Over the past few months there has been a mountain of uncertainty about the company, its practices, and leadership.

Why do I think this is such a big deal?

It’s not every day that a company with a market cap of more than $70 billion, losses 80% of its value in 9 months.

The Lessons Learned From Valeant  Valeant Pharmaceuticals Intl (VRX)

But more importantly, it not about how much value they lost, but who the investors are that suffered these losses.

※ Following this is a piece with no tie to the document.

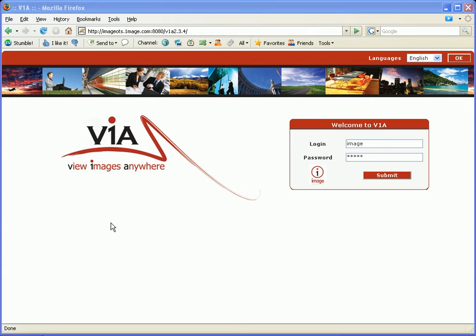Welcome to VIA! View Images Anywhere! We want to first start off by thanking you for taking the time to download this video. In the video you will see how you can view documents in this product as well as indexing them.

And that’s what I find so shocking.

Some of the largest hedge and mutual funds, that employ some of the smartest people on Wall Street– had concentrated their holdings in VRX.

Now, these investors many that would be considered the cream of the crop in the value investing approach, got caught with their pants down.

Keep in mind–they have teams of very smart people, reading every SEC filing, speaking with management, and knowing a heck of alot about the business…yet took heavy losses, and some even invested even more as the stock fell.

The lesson I learned from VRX and their smartest guys in the room investors is this: diversification among holdings and a limit on concentration is key. A blow up in one stock shouldn’t sink your business or wipe out a large amount of your net worth.

Valeant Pharmaceuticals Intl

I think the best advice was given by Mark Twain more than a century ago…and is very applicable to the rise and fall of VRX:

“It ain’t what you don’t know that gets you into trouble. It’s what you know for sure that just ain’t so.”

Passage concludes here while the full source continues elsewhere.